Investing in derivatives may involve greater risks than investing in the underlying assets directly and, to varying degrees, may involve risk of loss in excess of any initial investment and collateral received. In addition, there may be the risk that the change in value of the derivative contract does not correspond to the change in value of the underlying instrument.

Futures Contracts: A futures contract is an agreement between two parties to buy or sell a specified underlying instrument for a specified price at a specified future date. The Fund used futures contracts to manage its exposure to the commodities market. Open futures contracts at period end are presented in the Consolidated Schedule of Investments under the caption "Futures Contracts." The underlying face amount at value reflects each contract’s exposure to the underlying instrument or index at period end. Securities deposited to meet initial margin requirements are identified in the Consolidated Schedule of Investments.

Swaps: A swap is a contract between two parties to exchange future cash flows at periodic intervals based on a notional principal amount. A bi-lateral OTC swap is a transaction between a fund and a dealer counterparty where cash flows are exchanged between the two parties for the life of the swap.

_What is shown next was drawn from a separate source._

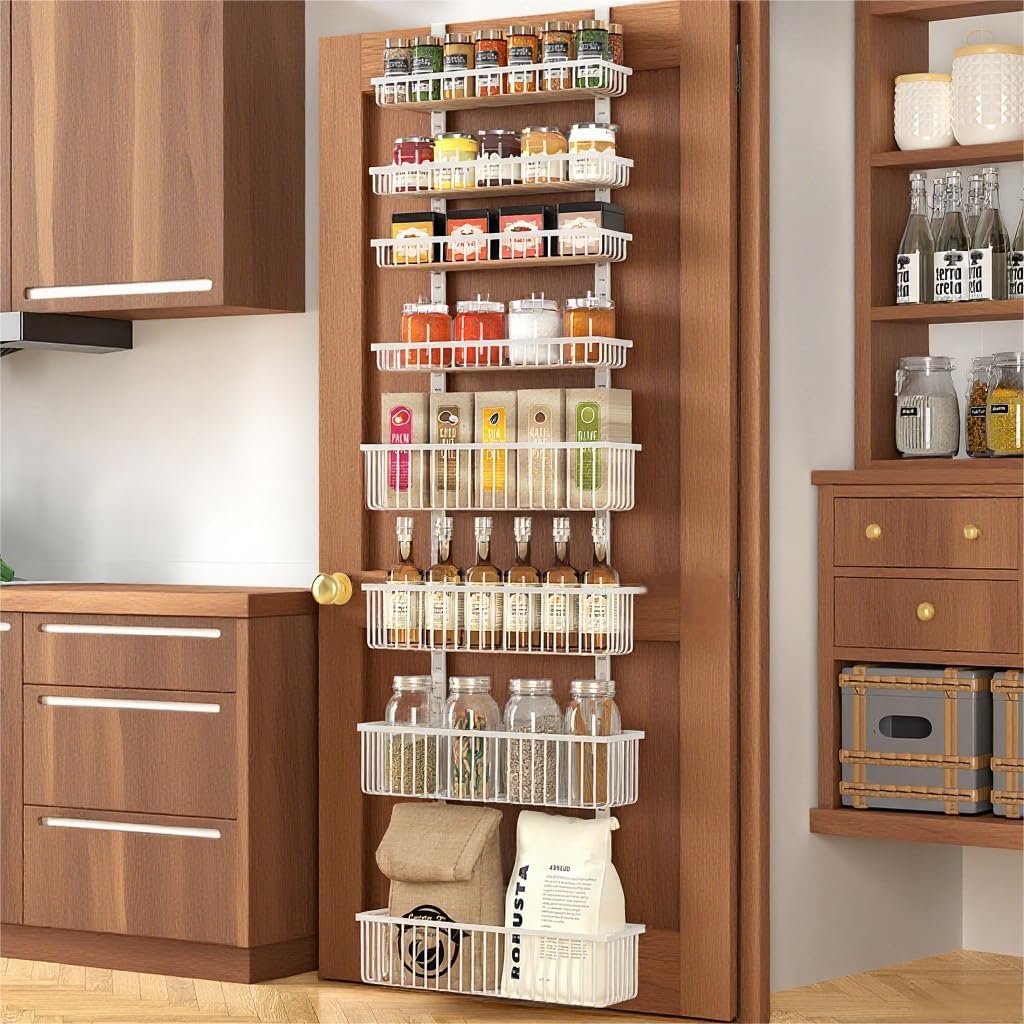 9-Tier Over Door Storage Organizer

Total Return Swaps: Total return swaps are agreements between counterparties to exchange cash flows, one based on a market-linked return of an individual asset or a basket of assets (i.e., an index), and the other on a fixed or floating rate. To the extent the total return of the instrument or index underlying the transaction exceeds or falls short of the offsetting payment obligation, the Fund will receive a payment from or make a payment to the counterparty. The Fund entered into total return swaps to manage its commodities market.

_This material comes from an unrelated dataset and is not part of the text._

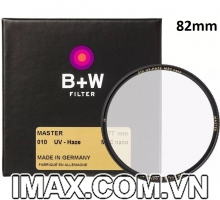 Filter Kính lọc B+W Master UV Haze MRC Nano 82mm -New 2022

Open swaps at period end are included in the Consolidated Schedule of Investments under the caption Swaps.

Other Information

Income Tax Information

At October 31, 2015, the cost of investment securities for income tax purposes, on an unconsolidated basis, was $4,759,991,327. Net unrealized depreciation aggregated $3,213,601,704, all of which was related to depreciated investment securities.

For additional information on the Fund's policy regarding valuation of investments and other significant accounting policies, please refer to the Fund's most recent semiannual or annual shareholder report.

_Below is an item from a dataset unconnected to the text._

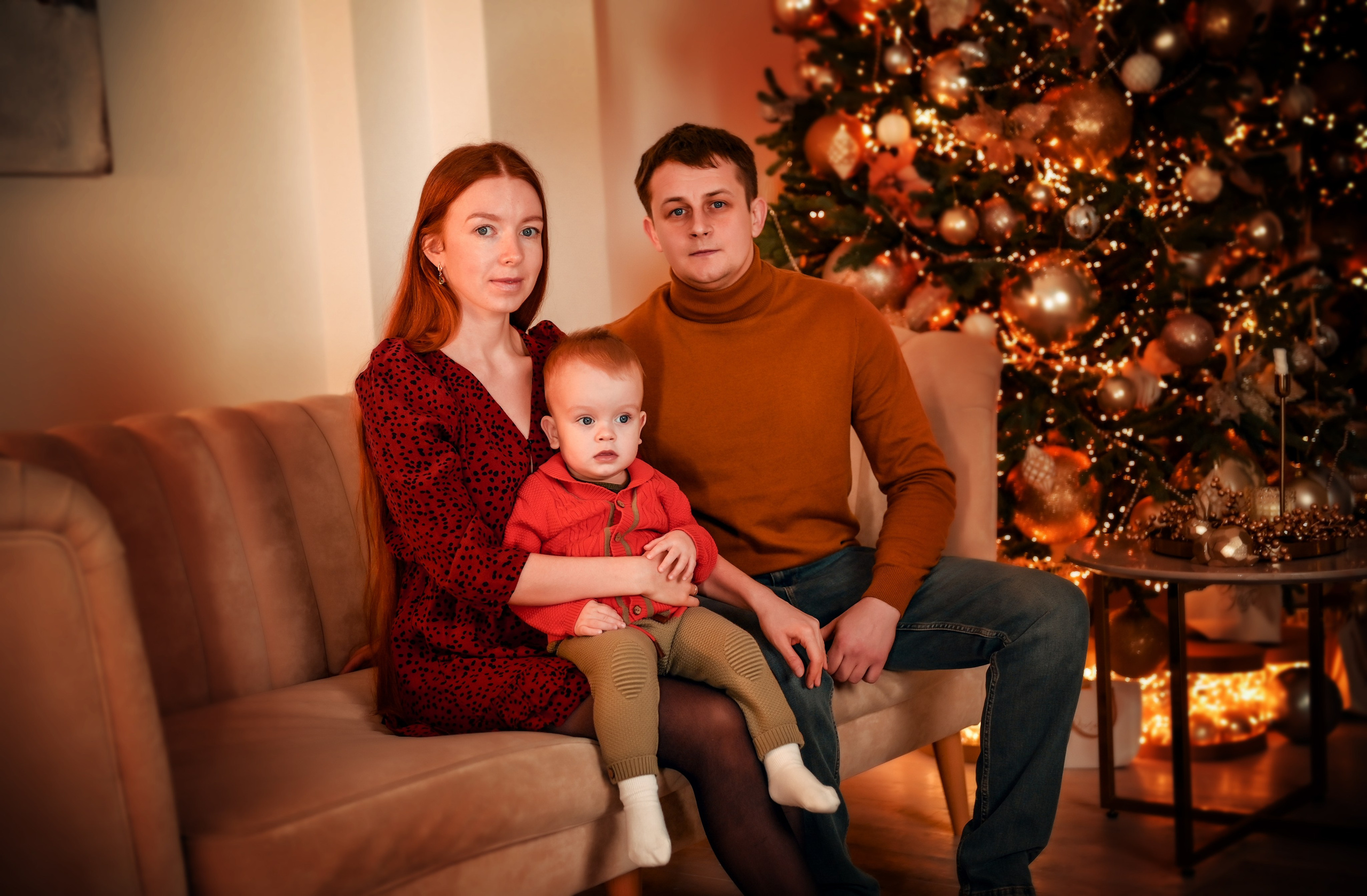 Новогодняя. Свадебный, семейный, детский, контент фотограф в Омске Максим Ильин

The fund's schedule of investments as of the date on the cover of this report has not been audited. This report is provided for the general information of the fund's shareholders. For more information regarding the fund and its holdings, please see the fund's most recent prospectus and annual report.

Third party trademarks and service marks are the property of their respective owners. All other trademarks and service marks are the property of FMR LLC or an affiliate.


Item 2.

Controls and Procedures


(a)(i)  The President and Treasurer and the Chief Financial Officer have concluded that the Fidelity Oxford Street Trusts (the Trust) disclosure controls and procedures (as defined in Rule 30a-3(c) under the Investment Company Act) provide reasonable assurances that material information relating to the Trust is made known to them by the appropriate persons, based on their evaluation of these controls and procedures as of a date within 90 days of the filing date of this report.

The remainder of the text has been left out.